┌─ Exercise materials

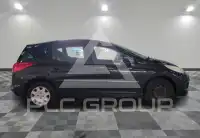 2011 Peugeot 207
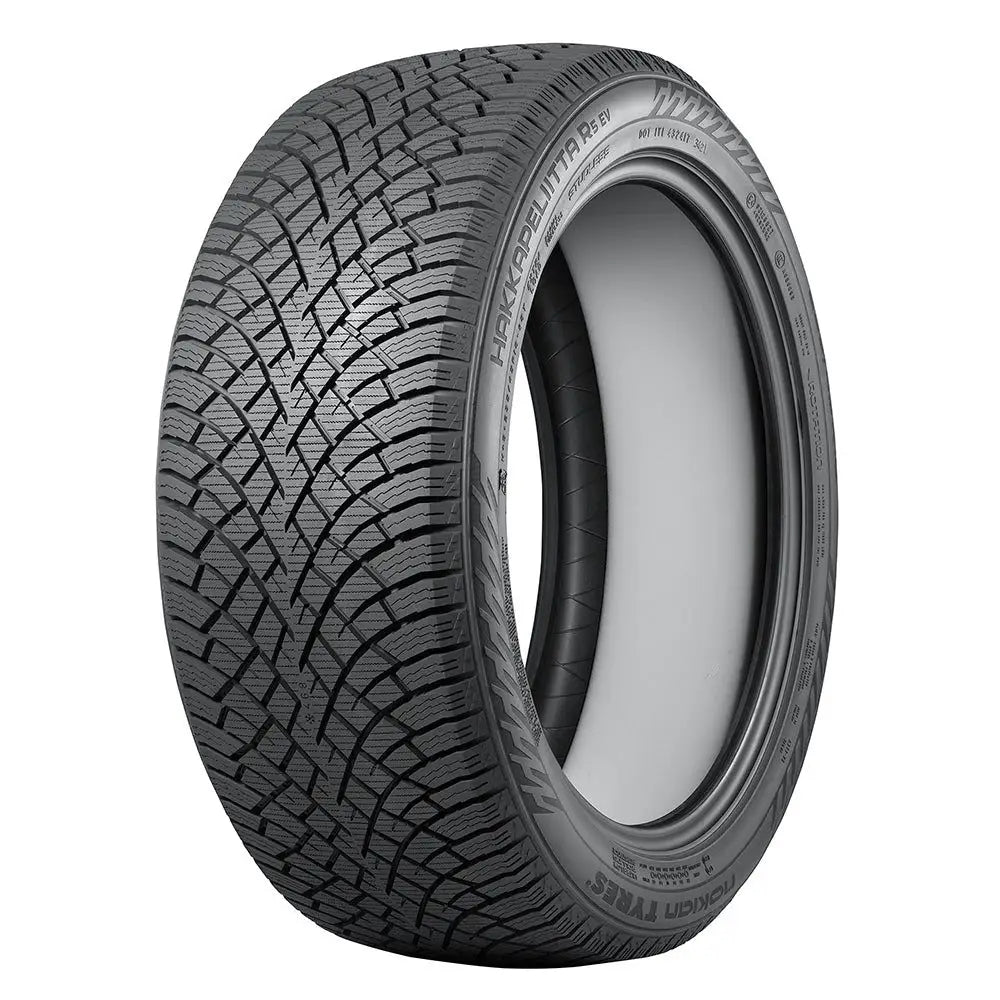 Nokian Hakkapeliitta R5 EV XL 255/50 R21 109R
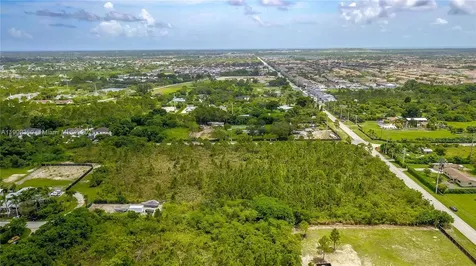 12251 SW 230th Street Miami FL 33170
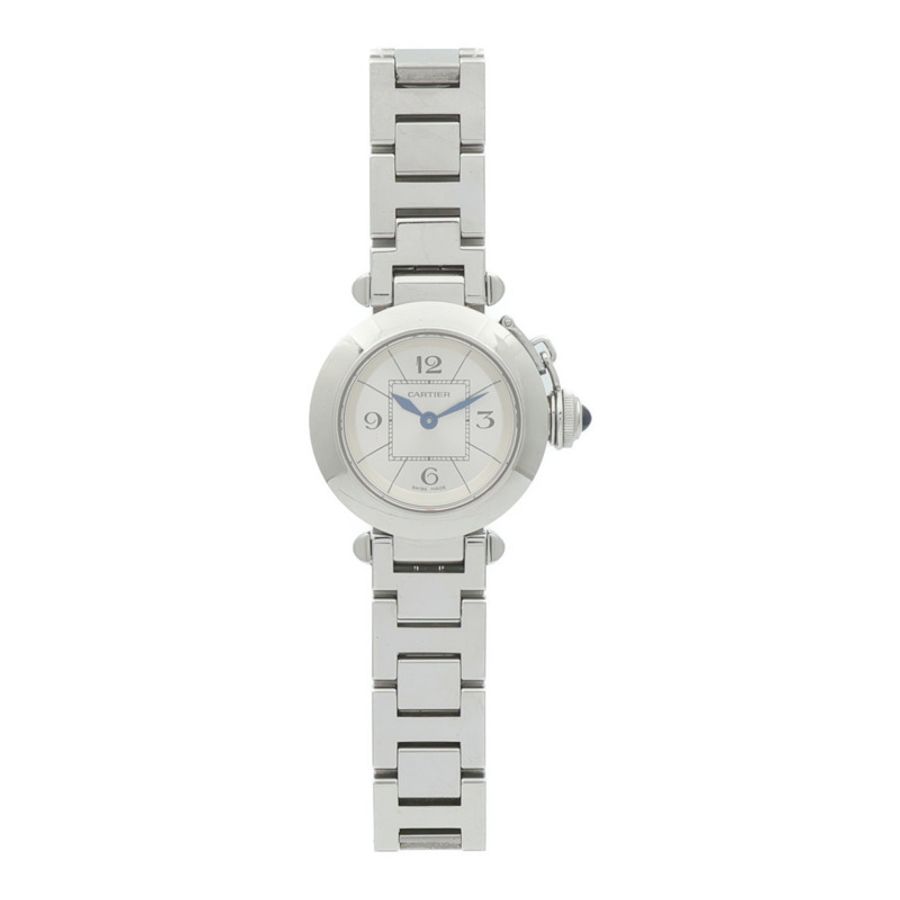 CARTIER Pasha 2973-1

└─
┌─ Exercise materials

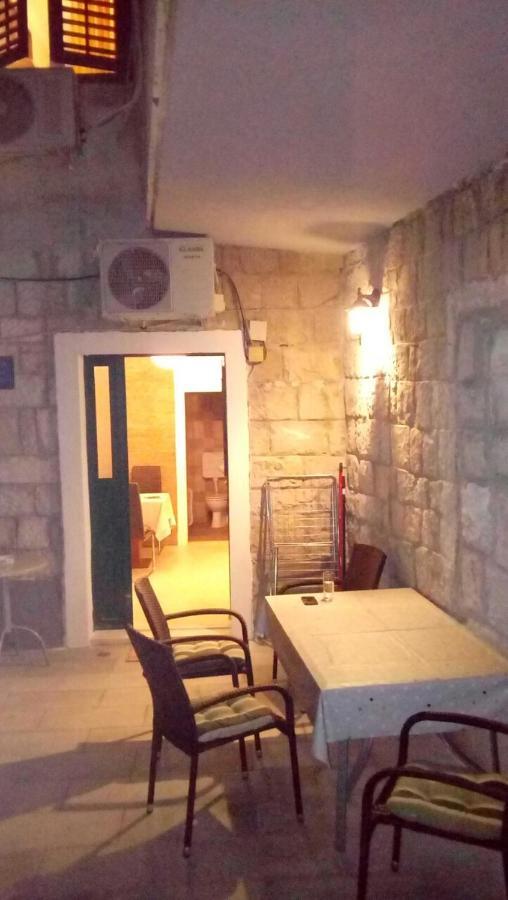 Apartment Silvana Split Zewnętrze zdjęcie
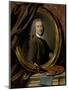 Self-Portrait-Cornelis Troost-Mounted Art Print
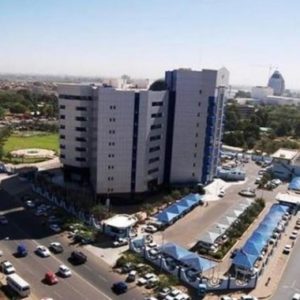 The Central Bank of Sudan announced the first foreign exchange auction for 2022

└─

Problem requirements >> From the records above, give again only the part that opens with the line containing "Apartment Silvana Split Zewnętrze zdjęcie" and closes with the line containing "The Central Bank". Keep both ends but drop the pictures.

Response to the task >>
 Apartment Silvana Split Zewnętrze zdjęcie
 Self-Portrait-Cornelis Troost-Mounted Art Print
 The Central Bank of Sudan announced the first foreign exchange auction for 2022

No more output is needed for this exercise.